This is problematic, because equality is at the basis of many other things. For one, a faulty equality method for a type C might mean that you cannot reliably put an object of type C in a collection. You might have two elements elem1, elem2 of type C that are equal, i.e., “elem1.equals(elem2)” yields true. Nevertheless, with commonly occurring faulty implementations of the equals method, you could still see behavior like the following:
Set hashSet = new java.util.HashSet();
hashSet.add(elem1);
hashSet.contains(elem2); // returns false!

Here are four common pitfalls3 that can cause inconsistent behavior when overriding equals:

  1. Defining equals with the wrong signature.
  2. Changing equals without also changing hashCode.
  3. Defining equals in terms of mutable fields.
  4. Failing to define equals as an equivalence relation.

These four pitfalls are discussed in the remainder of this section.

Pitfall #1: Defining equals with the wrong signature.

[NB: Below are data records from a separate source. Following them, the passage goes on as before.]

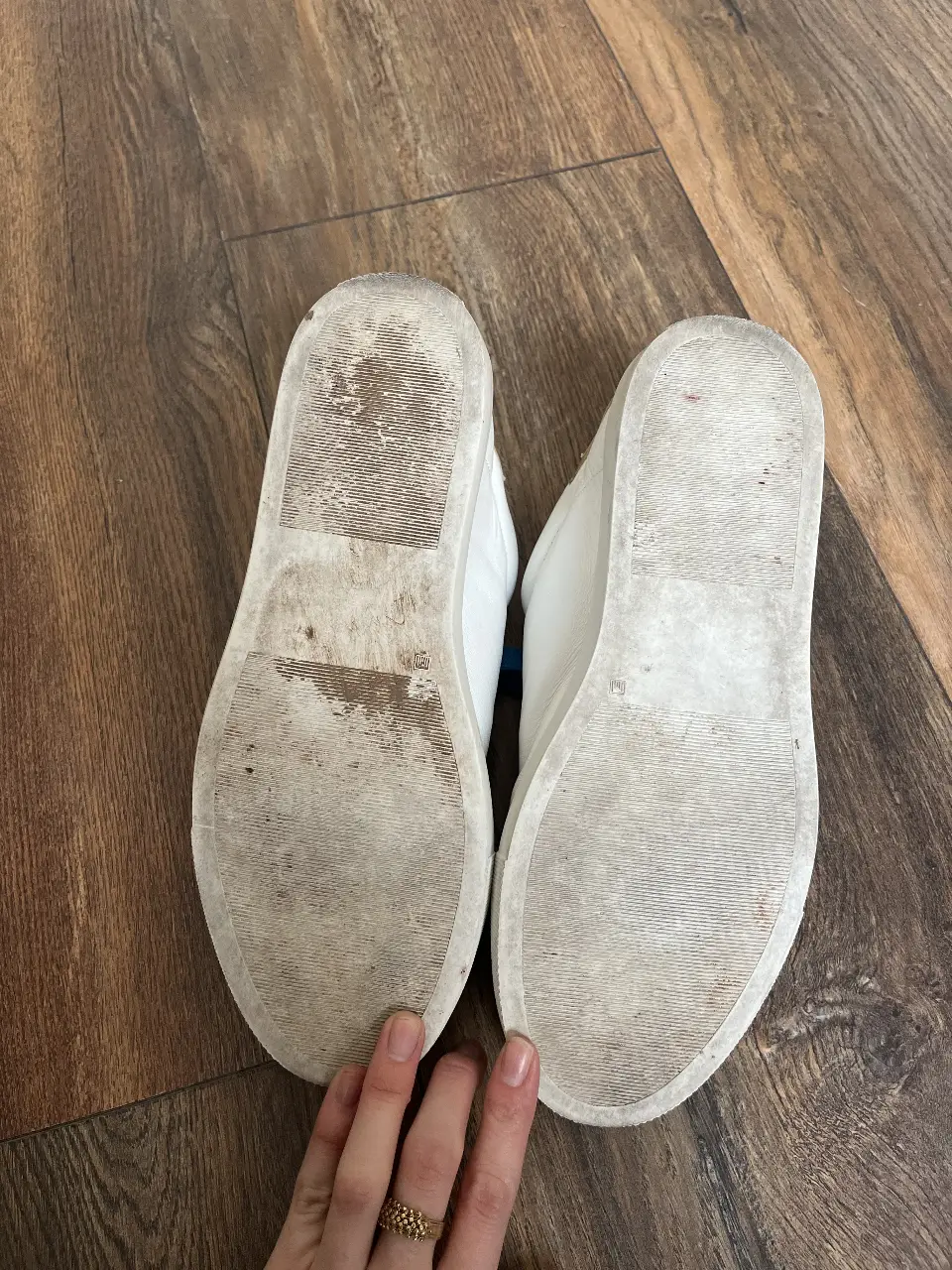 Zapatillas Zadig & Voltaire - Vista 5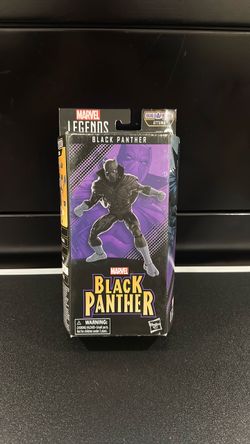 Marvel Legends Black Panther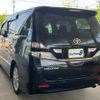 toyota vellfire 2009 quick_quick_DBA-ANH20W_ANH20- 8074397 image 2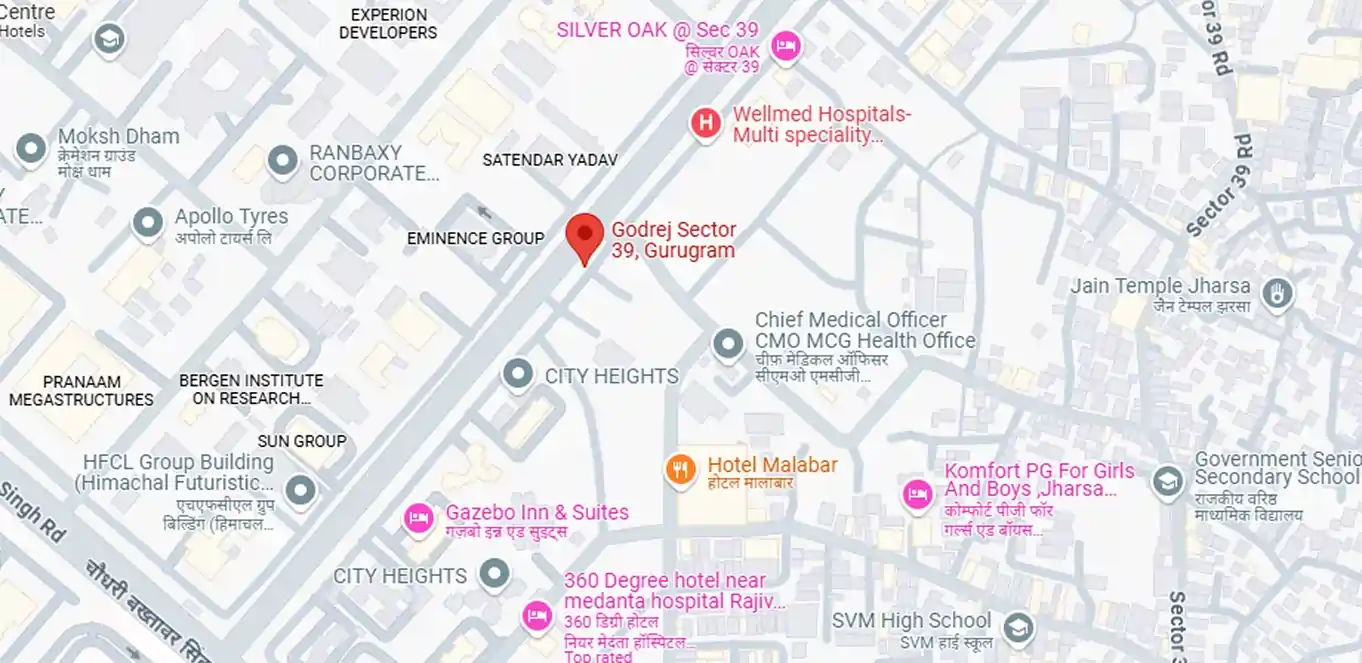 location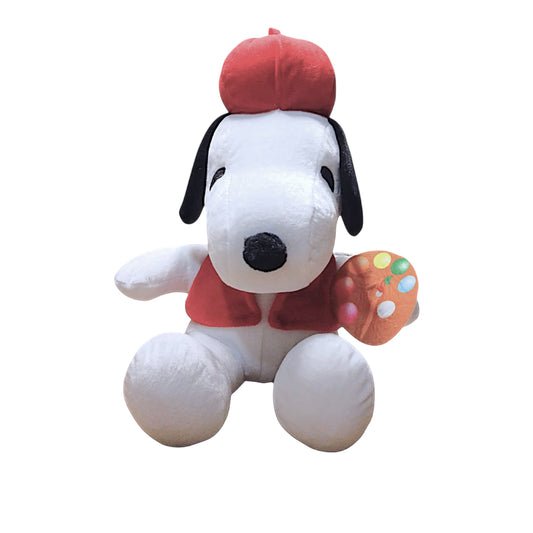 PCH Snoopy pintor/ Snoopy#3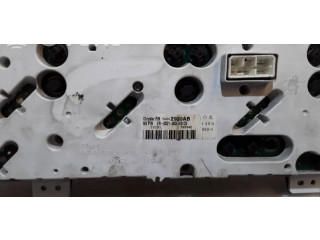 Панель приборов CR0021003K0C0 Jeep Grand Cherokee (WJ)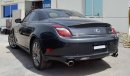 Lexus SC 430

Consider adding an equality method to the following class of simple points:

public class Point {

private final int x;
private final int y;

public Point(int x, int y) {
this.x = x;
this.y = y;
}

public int getX() {
return x;
}

public int getY() {
return y;
}

// ...
}

A seemingly obvious, but wrong way would be to define it like this:

// An utterly wrong definition of equals
public boolean equals(Point other) {
return (this.getX() == other.getX() && this.getY() == other.getY());
}

What's wrong with this method? At first glance, it seems to work OK:

Point p1 = new Point(1, 2);
Point p2 = new Point(1, 2);

Point q = new Point(2, 3);

System.out.println(p1.equals(p2)); // prints true

System.out.println(p1.equals(q)); // prints false

However, trouble starts once you start putting points into a collection:

import java.util.HashSet;

HashSet coll = new HashSet();
coll.add(p1);

System.out.println(coll.contains(p2)); // prints false

How can it be that coll does not contain p2, even though p1 was added to it, and p1 and p2 are equal objects? The reason becomes clear in the following interaction, where the precise type of one of the compared points is masked. Define p2a as an alias of p2, but with type Object instead of Point:

Object p2a = p2;

Now, were you to repeat the first comparison, but with the alias p2a instead of p2, you would get:

System.out.println(p1.equals(p2a)); // prints false

What went wrong? In fact, the version of equals given previously does not override the standard method equals, because its type is different. Here is the type of the equals method as it is defined in the root class Object:

public boolean equals(Object other)

Because the equals method in Point takes a Point instead of an Object as an argument, it does not override equals in Object. Instead, it is just an overloaded alternative. Overloading in Java is resolved by the static type of the argument, not the run-time type. So as long as the static type of the argument is Point, the equals method in Point is called. However, once the static argument is of type Object, the equals method in Object is called instead. This method has not been overridden, so it is still implemented by comparing object identity. That's why the comparison “p1.equals(p2a)” yields false even though points p1 and p2a have the same x and y values. That's also why the contains method in HashSet returned false. Since that method operates on generic sets, it calls the generic equals method in Object instead of the overloaded variant in Point.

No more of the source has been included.